Austrian theologian and orientalist

Franz Xaver Oberleitner (12 January 1789 – 10 June 1832) was an Austrian theologian and orientalist. Oberleitner served as the Dean of The University of Vienna's Faculty of Catholic Theology for a period of three separate years, as the Director of Theology and as the University Archivist.

His text books on his specialist languages were considerable achievements which remained valued tools for scholars long after his death on account of their practical structures.

==Confusion over his names==
Franz Xaver Oberleitner is identified in some sources as "Andreas Oberleitner". This is the name given in Volume 24 of the Allgemeine Deutsche Biographie (ADB) (1886), a work of reference on which much subsequent reliance is placed. The ADB entry names Andreas Leitner and then provides two paragraphs on his career and published output as an orientalist.

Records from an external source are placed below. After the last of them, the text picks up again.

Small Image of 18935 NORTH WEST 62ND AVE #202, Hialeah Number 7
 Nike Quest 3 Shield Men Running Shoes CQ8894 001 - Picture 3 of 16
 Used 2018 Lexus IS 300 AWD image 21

Sources closer in time and place to Oberleitner himself, including Volume 20 of the Biographisches Lexikon des Kaiserthums Oesterreich (1869) state that there were two brothers involved. Andreas Oberleitner was born in 1786, and as a young man acquired a certain notability in Vienna as a musician (instrumentalist), although by the 1860s it was not known whether or not he was still alive. Oberleitner was born in 1789. He was the theologian / orientalist according to these sources. It appears that conflation of the two brothers' names had not started in 1832, which is when Oberleitner died. (Note: German language Wikipedia has picked up on this, identifying Andreas Oberleitner in its opening line as ".... eigentlich Franz Xaver Oberleitner" (actually Franz Xaver Oberleitner), respecting the conflicting sources.)

==Life==
Oberleitner was born at the house of the local landowner at Angern an der March, a small town a short distance to the north of Vienna. His father, Andreas Oberleitner had an administrative position locally, working for the Kinsky family. It is known that there were numerous Oberleitner siblings. Oberleitner attended school in nearby Gaunersdorf (since 1917 known as Gaweinstal) where he was taught to sing and to play the violin. His musical talent led to his acceptance, at the age of 10, into the Vienna Boys' Choir. This involved relocation to Vienna where he attended the St Anna Gymnasium (secondary school). In 1807 he entered the Schottenstift, a Benedictine monastery in the city. Between 1808 and 1812 he studied Theology at the University of Vienna: on 30 August 1812 he was consecrated as a priest.

==Published output==
The following is an incomplete list of Oberleitner's publications:

- Joannis Jahn Elementa aramaicae seu chaldaeo-syriacae linguae, latine reddita, et nonnullis accessionibus aucta. Vienna 1820.
- Fundamenta linguae arabicae. Vienna 1822.
- Chrestomathia arabica una cum glossario arabico-latino. 2 volumes, Vienna 1823–1824.
- Chrestomathia syriaca una cum glossario syriaco-latino. 2 volumes, Vienna 1826–1827.

It was also in 1812 that he became "Student overseer" ("Studienpräfekt ") at the monastery. From 1813 till 1816 he took on the teaching of "Humanities" at the Schottenstift. At the same time he was attending classes provided by a Maronite priest called Anton Aryda at the university on Arabic, Syriac and Aramaic languages. Aryda returned to Syria in 1816 and Oberleitner was appointed to replace him as university professor for Oriental Languages and Biblical criticism. In 1817 he received his Doctorate in Theology. It was as an orientalist, however, that he rapidly acquired an outstanding reputation, enhanced by a succession of publications on the Arabic and Syriac grammar and languages.

In 1818/1819, 1819/1820 and again in 1825/1826 Oberleitner was Dean of the University of Vienna's Faculty of Catholic Theology. From 1823 he also served as University Archivist. In 1832, he was appointed university Director of Theology. 1832 was also the year in which, unexpectedly, he died aged 43.